Lack of boldness in sharing Jesus.
Misplaced priorities.
Anger.
Rudeness.
Jesus waits.
Not with arms crossed and angry eyes waiting for me to figure out how to fix this mess.
No, His are the arms around me, despite me pushing away. Right there in that moment.
His rest is the one I run from, as I arrogantly cling to my own sufficiency.
Oh how we love to speak of God’s amazing grace that saves and reconciles our sin-wrecked hearts to Himself.
We heartily proclaim that we could never save ourselves.
But for all the ways we fearlessly tout a salvation by faith alone,
we so quickly turn to works based sanctification.
Of course God is the only one who can save our desperate souls.
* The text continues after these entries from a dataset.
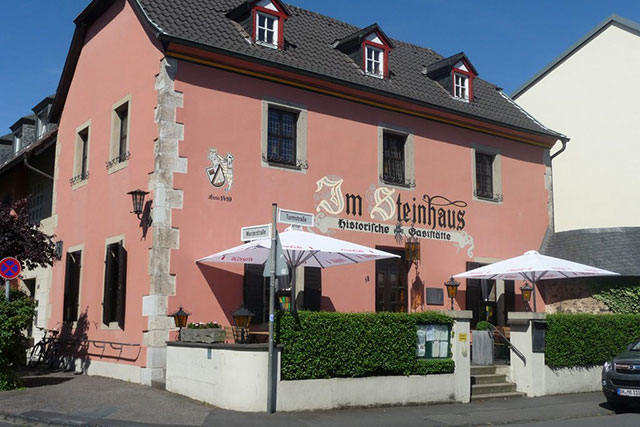 Blick auf die historische Gaststätte "Im Steinhaus"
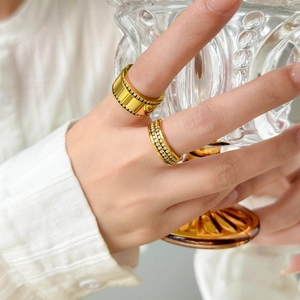 Ensemble de bagues en titane plaqué or 18K avec zircons et anneaux polis larges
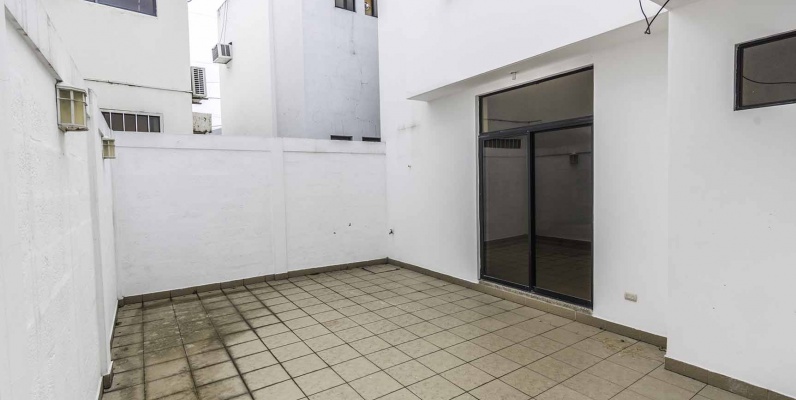 Casa en venta Puerto Azul , Vía a la Costa GeoBienes - Casa en venta Puerto Azul , Vía a la Costa - Plusvalia Guayaquil Casas de venta y alquiler Inmobiliaria Ecuador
But somehow we end up living as if He isn’t strong enough to make us new along the way.
The problem?
Pride of self.
Lack of trust.
We feel we “should” be able to do everything in the time frame we demand,
while at the same time deciding that
God isn’t big enough to be trusted to finish the work HE began in us,
in His own way, in His own time.
What if He actually isn’t that “good, good Father”?
Those whispers?
Those doubts?
That second guessing of God’s character?
Enemy Lies, Sister!
I have three precious, beautiful girls whom I adore.
But their innocence is quickly giving way to tempting lies as they grow up.
Every day, whether it’s mean words from a sibling, a negative feeling they have about themselves, or a skewed perspective on reality, I insistently remind them,
“Hold On To Truth!”.
If we know the truth, we can yank up those ugly lies as soon as they rear their angry heads in our everyday.
Truth:
God is trustworthy.
You, Christ-follower, are free from condemnation.
We were made to live in a rhythm of rest, far away from the stubborn lie that we are self-made, self-sufficient, Jesus-loving Christians.
Ladies, Hold On To Truth!
And fall headlong into those arms of rest!